Quand Dieu appelle… Dieu appelle les chrétiens. Comme Jésus avait appelé ses disciples. Comme Dieu avait appelé autrefois celui dont le nom n’était pas encore Abraham. C’est avec lui que nous resterons un peu ce matin. Il nous faudra nous détacher de l’imagerie héritée du Coran. Non, Abraham n’était pas un briseur d’idoles en Babylonie : ça, ce sera Mahomet à La Mecque ! Ici on n’entend pas parler d’idoles… Abraham n’est pas non plus parti de Our : ça, c’était son père Térah. Ils se sont installés à Harân, capitale du nord de la Mésopotamie, le lieu du dieu Sîn, c’est-à-dire la Lune. Là est l’idole dont ne parle pas le texte. Ils ont fait comme Nabonide, le dernier roi de Babylone au VIe siècle, qui avait délaissé Marduk de Babylone, dieu de ses prédécesseurs, pour Sîn de Harân, plus près aussi de l’ouest de l’empire qui se développait de ce côté-ci. Serait-ce aussi le trajet des Juifs exilés à Babylone lorsqu’ils rentrent à Jérusalem après que Cyrus le Perse a déposé Nabonide ? Spéculations que tout ceci, certes intéressantes quant à l’histoire du texte…

 

Mais restons avec le texte lui-même, avec Abram tel que la Genèse nous le montre ici, pour la première fois sans sa parenté hormis Loth. Car jusqu’ici Abram n’était que le fils de son père, le petit-fils de son grand-père, le frère de ses frères, etc. Avec le chapitre 11 nous étions toujours dans la généalogie des descendants de Noé et de son fils Sem, bien qu’il semble qu’une nouvelle étape a été ouverte avec Térah le père d’Abram. Puis « ils sortirent ensemble de Our-des-Chaldéens, pour aller vers le pays de Canaan ; ils vinrent jusqu’à Harân et ils habitèrent là. » (Gen. 11 / 31) Canaan, c’était donc déjà le but du voyage de la famille de Térah, mais le projet s’est arrêté en route ! Il y manquait sans doute le principal…

 

Et le principal, c’est celui qui apparaît maintenant en premier dans l’extrait que je vous ai lu, en ce début du chapitre 12 : l’Éternel ! Il n’était plus apparu dans le texte biblique depuis l’histoire de la tour de Babel.
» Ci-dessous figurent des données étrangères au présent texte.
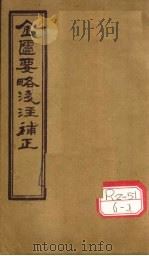 金匮要略浅注补正  卷4-6（ PDF版）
Toute la généalogie sémite s’était déployée sans que le lecteur entende parler de lui. Le projet de Térah s’était déployé sans intervention explicite de Dieu. Et voici que, tout d’un coup, « l’Éternel dit vers Abram : Va… » Mais ce n’est pas la simple reprise du projet familial. S’il semble bel et bien y avoir une continuité, la parole de Dieu va pourtant établir une rupture radicale, cette rupture qui fait toujours tellement problème aux catéchètes lorsqu’ils présentent cette histoire aux enfants de l’école biblique. L’Éternel demande à Abram de quitter son pays – ce qui ne sera sans doute pas très difficile, puisqu’Abram n’est pas né là, seulement installé avec son père sans qu’on sache pendant combien de temps. Et même si le texte mentionne la mort de Térah avant l’appel de Dieu à Abram, les durées de vie indiquées montrent qu’il est encore vivant lorsqu’Abram s’en va.

 

Ce qui va sans doute rendre plus difficile la seconde rupture : quitter sa parenté, quitter ce qui fait qu’Abram serait toujours « le fils de ». Plus tard dans le livre, le changement de nom d’Abram en Abraham le dira aussi : pour le lecteur et par vocation divine, Abraham n’est pas un fils, mais un père. « On ne t’appellera plus du nom d’Abram, mais ton nom sera Abraham, car je te rends père d’une foule de nations. » (Gen. 17 / 5) Cette rupture est à la fois attirante et difficile, encore que cela varie selon les époques ! Du temps où j’étais jeune, cette rupture était désirable pour beaucoup de gens afin d’affirmer leur propre identité, de vivre leurs propres choix. Aujourd’hui où la situation économique et sociale n’est pas très souriante pour la plupart – c’est le moins qu’on puisse dire – beaucoup apprécient de pouvoir se réfugier dans leur « parenté » justement. Mais pour Abram il n’est pas question d’autonomie, mais de changer de dépendance.

 

Dieu le lui précise : quitter « la maison de [son] père ». Ce n’est plus Térah qui dira à Abram ce qu’il doit faire et où aller. mais ce n’est pas non plus Abram qui choisira en toute indépendance. Dans la parole de Dieu, il n’y a pas moins de 6 fois des verbes à la première personne, 6 fois « je » et aucune fois « tu », seulement un impératif, et sinon la 2e personne n’apparaît qu’en complément… Dans cette parole que Dieu adresse à Abram, et dans ce qui fait que désormais Abram va vivre le projet de Dieu et non plus le sien, il est clair que l’acteur principal, c’est Dieu ! Un Dieu qui semble épouser le projet familial de Térah, qui était de se rendre en Canaan, mais un Dieu qui change radicalement le sens de ce projet pour Abram et ce qui est désormais son propre clan. Abram n’est plus lié à son père, à sa généalogie, à son histoire, mais à Dieu, à celui qui se manifeste désormais comme son Dieu. Et lorsque Dieu commande, Abram ne fait pas comme Jonas qui partira de l’autre côté, lui il obéit. Il va.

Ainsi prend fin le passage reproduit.